For years now, every Monday, I take a three-hour oil painting class. The purpose of the teaching is to train the students in the classical style of the masters. While the class has helped me to develop my artistic eye, it has also helped me to keep my approach to life fresh. I’ve noticed that when I have an artistic outlet, my creativity flourishes in every area of my life. It’s been a true gift.
Well, the teacher of this class is a bit of a narcissist (though I’ve seen evidence of this changing). I believe he’s a Christian, but he still has that somewhat off-putting artist’s temperament. I’m amazed at how people respond to him—truly a love-hate relationship. He’s highly trained and very skilled, in fact, he actually studied in Italy at the famed Accademia in Florence. So he’s not just a self-proclaimed “artist” (though he often says just that), he really does have a pedigree. The only issue is his narcissistic temperament making it very difficult for a number of his students.
Although I have gone to this class for art training, another thing has emerged as a lesson. I’ve learned something deeply spiritual. It’s one of those hidden messages that you could miss if you’re not listening to the Father. What’s this message? Authority!
This teacher will push every single rebellious bone in your body. If you have unresolved rebellion anywhere, it will rise up from the ashes like a phoenix! Nothing stings like someone who cares only for himself, as it rubs against your own demand that someone focus on you. Sure I’m there to learn from him and I’m paying him to teach me, but I can’t demand it my way and not be “the authority.” To truly learn from someone, you come under and then the lessons can flow.
As I’ve watched this play out, I am floored by the fact that those who surrender and come under his authority, allowing him to be the teacher, also flourish as students. And oddly enough, this is exactly how it is with God. God demands that my focus be on Him, and my surrender be total. It’s very difficult because often I think I know better. Reality check – I don’t know anything!
Here’s the joy, if I submit and surrender to the Most High God in every aspect of my life, whether painful or exhilarating, I flourish. And looking back at my entire life in this light, I see a whole lot of resistance and rebellion to God’s choices and plans. But you know, I also see the tremendous fruit that has come as I have yielded and surrendered. My whole life has really been set up to chap my rebellion.

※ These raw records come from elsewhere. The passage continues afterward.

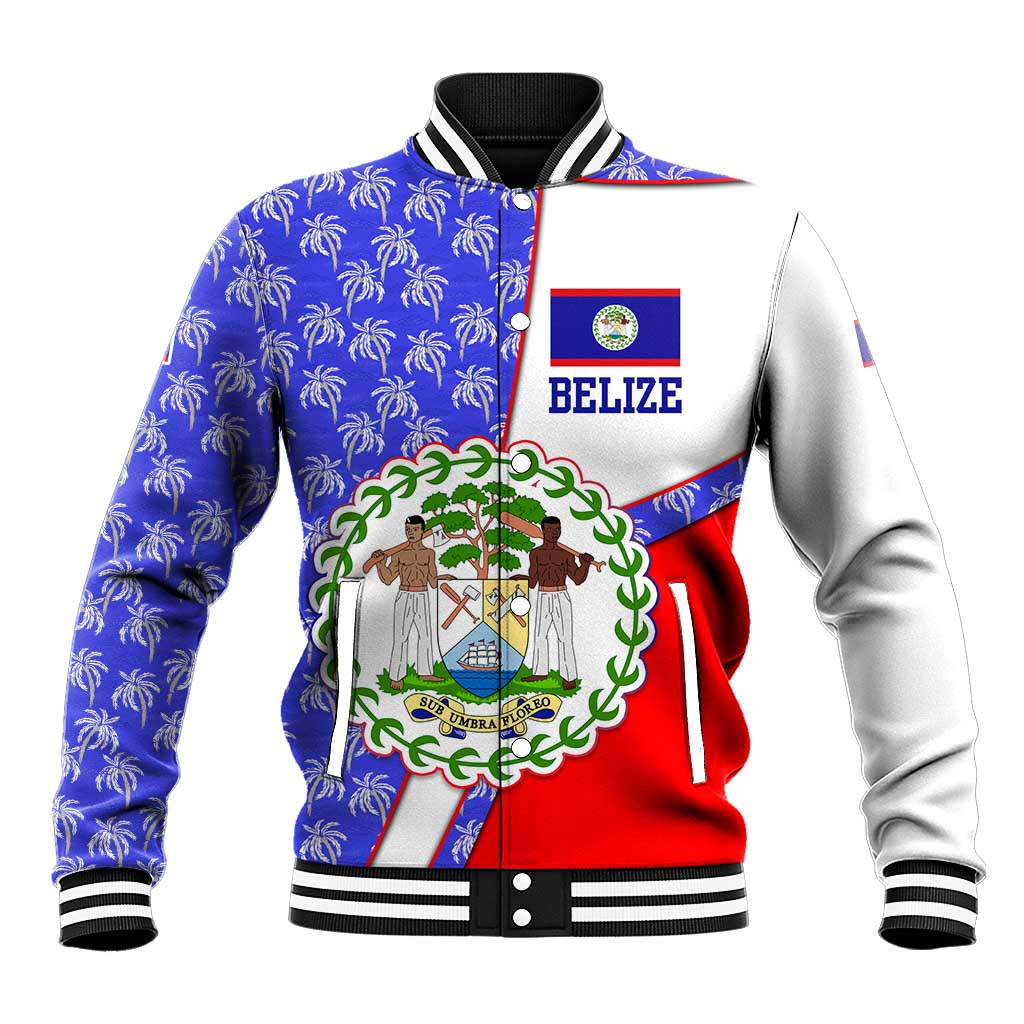 Belize Coat of Arms Baseball Jacket with Palm Pattern and Split Red Blue Design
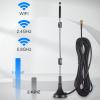 Dual Band WiFi Antenna 2.4GHz 5GHz 5.8GHz 9dBi Magnetic Base MIMO SMA Male Antenna for WiFi Router Wireless Router Gateway Network Card USB Adapter Security IP Camera Pack of 2 view 2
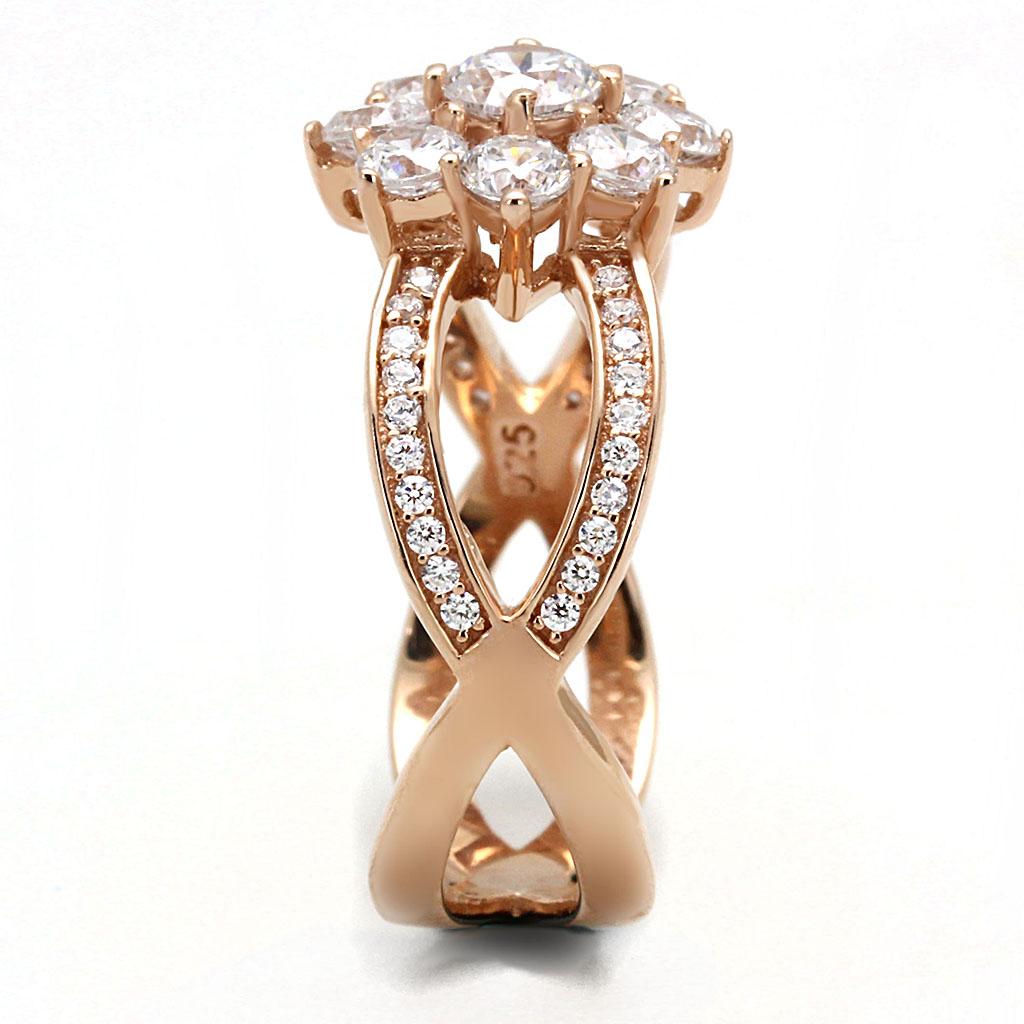 TS586 - Rose Gold 925 Sterling Silver Ring with AAA Grade CZ in Clear - buyzen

Now I’m wondering if all of life is not set up specifically to rub against our rebellious ways. Authority isn’t authority if I only submit when I agree or get my way. Authority is designed to rub against my willfulness and rebellion. If everything went my way, how would authority be tested? What character building is achieved if I’m in agreement with everything my authority says? When authority challenges my will and I yield, that’s character building.
Authority is my best friend and worst enemy. It’s the enemy of my willful self, and the best friend of my destiny.